"I was raised around planets and stars..." - N.O.R.E.
Thursday, August 25, 2011
Extreme Scene Records
Waaay back in the 90s, before mp3s and home studio computer setups, one man drum machine grind bands were actually a rare novelty. In the early nineties, a band called Slough from Illinois released a series of limited edition homemade death metal tapes with extremely disturbing perverse lyrics and imagery. At the same time, Catasexual Urge Motivation from Japan was doing something very similar with a more dark and artistic take on the genre. They inevitably hit it off like champs through the thriving pre-internet global tapetrading scene and together with other bands like Libido Airbag, gradually broke down misconceptions that you need drummers to make death metal. Alot of drummers are dicks. Have you been to a Buckshot Facelift or Biolich show? Keith from Arti. Brain and Pete from Dimentianon are solid bros, but so far alot of these double bassy drum bastards have rubbed me the wrong way. Anyway, this guy Tyler Gein was in Slough for a few releases and eventually did his own thing with a whole slew of different projects under the umbrella of Extreme Scene Records. Of all the different projects, I think it is safe to say that The Secret Life was the figurehead of the label and the "Murder may just be part of my secret" cassette in 1997 was the manifesto. Tyler performed and wrote most of the material, with a guest appearance by his label mate Colon Pete on the song "My soul divided into the stars". Tragically, Tyler died 8 years later.
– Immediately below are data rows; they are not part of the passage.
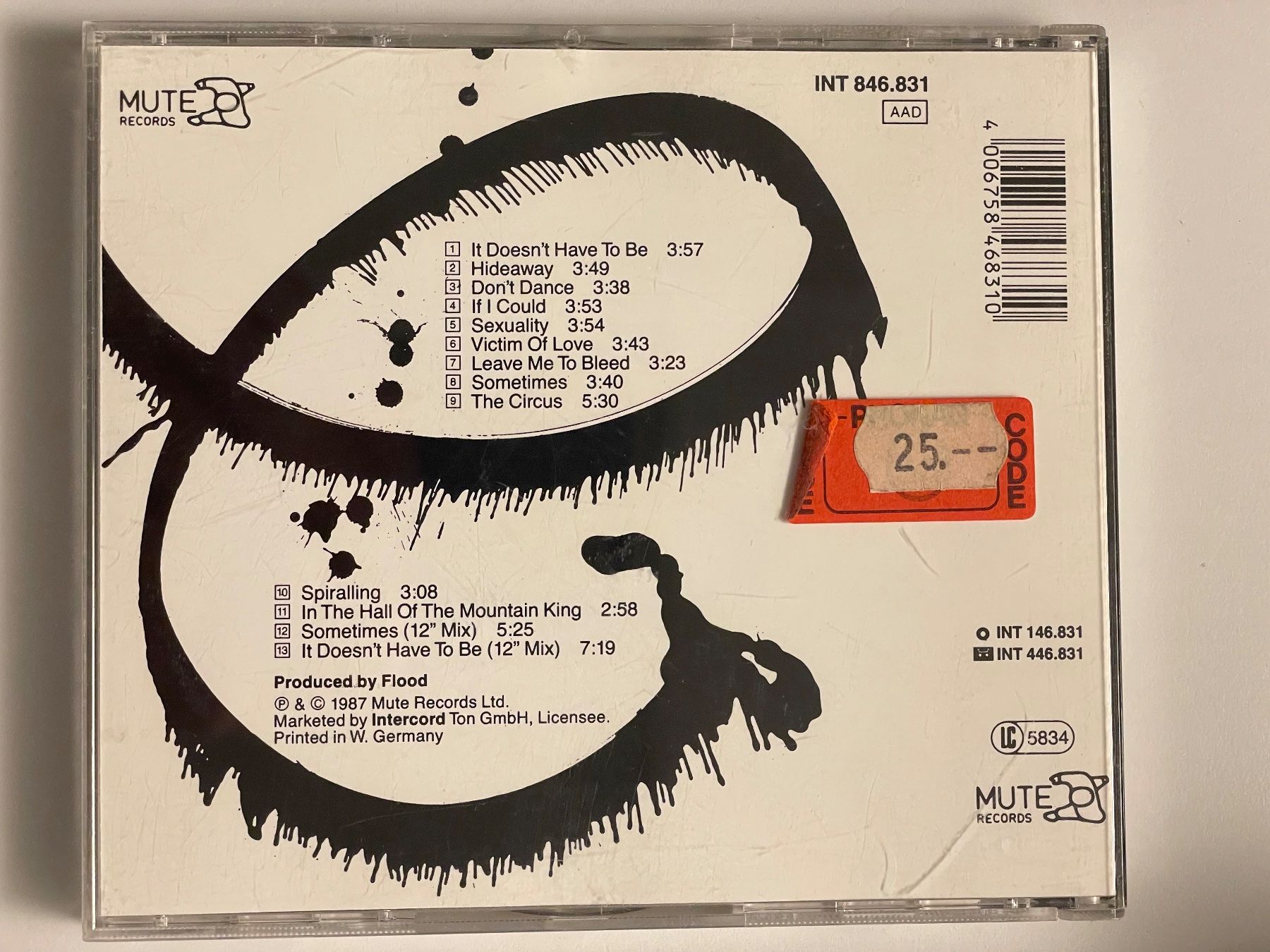 CDs: Erasure – D'occasion à Muri b. Bern par AdidasCollector 1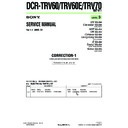 Sony DCR-TRV60, DCR-TRV60E, DCR-TRV70 (serv.man8) Service Manual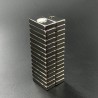 N35 Neodymium magnets - strong magnet block 20 * 10 * 4mm with 4mm hole - 10 piecesN35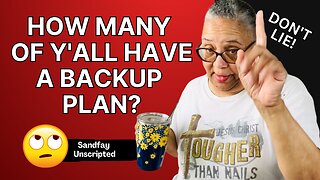 Do Y'all Have A Backup Plan? You Need A Side Hustle! Do Nothing Then Don't Complain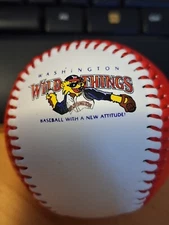 Washington Wildthings Baseball (promo, baseball with attitude) - early 2000s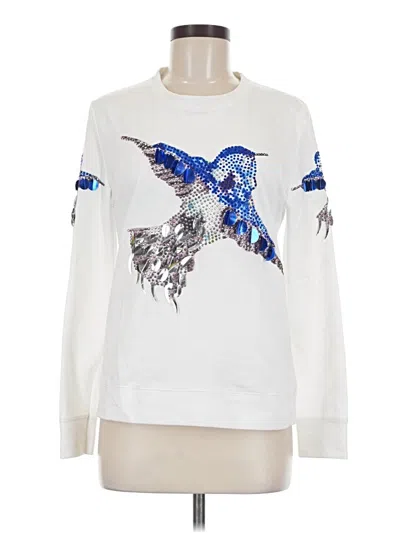 Pre-owned Assorted Brands Sweatshirt In White
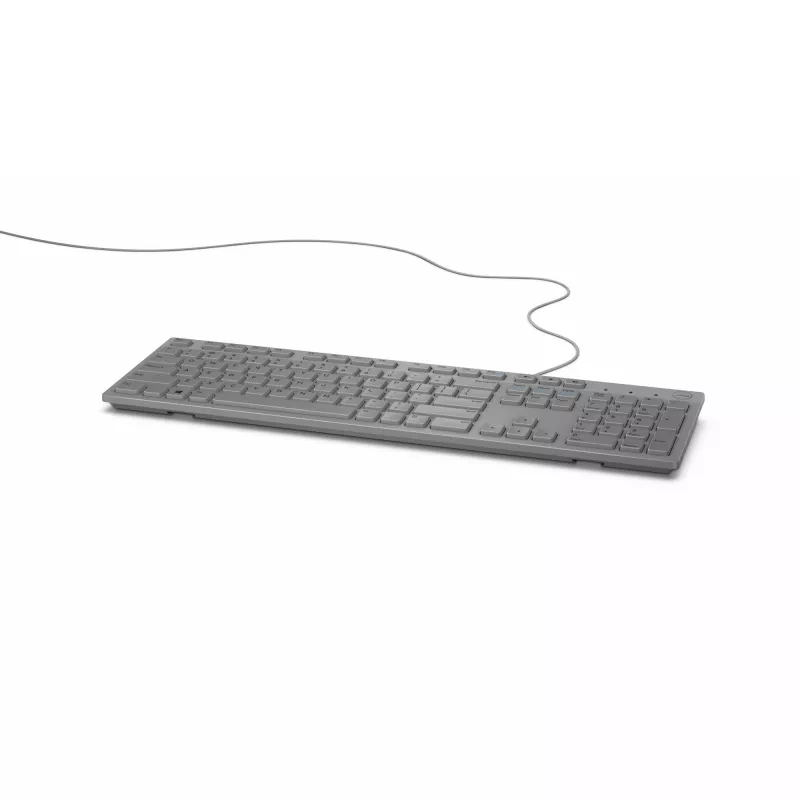 Dell laidinė klaviatūra - KB216 - US International (QWERTY) – pilka / LT graviruota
To listen to that song, with its eerily foreboding title, as well as the impressive one man cover of Incantations "As our souls roam horizons lost", is to witness the epic and beautiful poetry of life and death play out in a perverse lofi one man goregrind project.
R.I.P. Tyler Gein. A goregrind artist.
free downloads are all over the place at EXTREME SCENE RECORDS
Warning: Extreme Scene is very explicit and, um, extreme
(Pictured is the Slough side of the Slough/Gonkulator split 7" from 1996, as well as a photograph of Dan Olivencia.)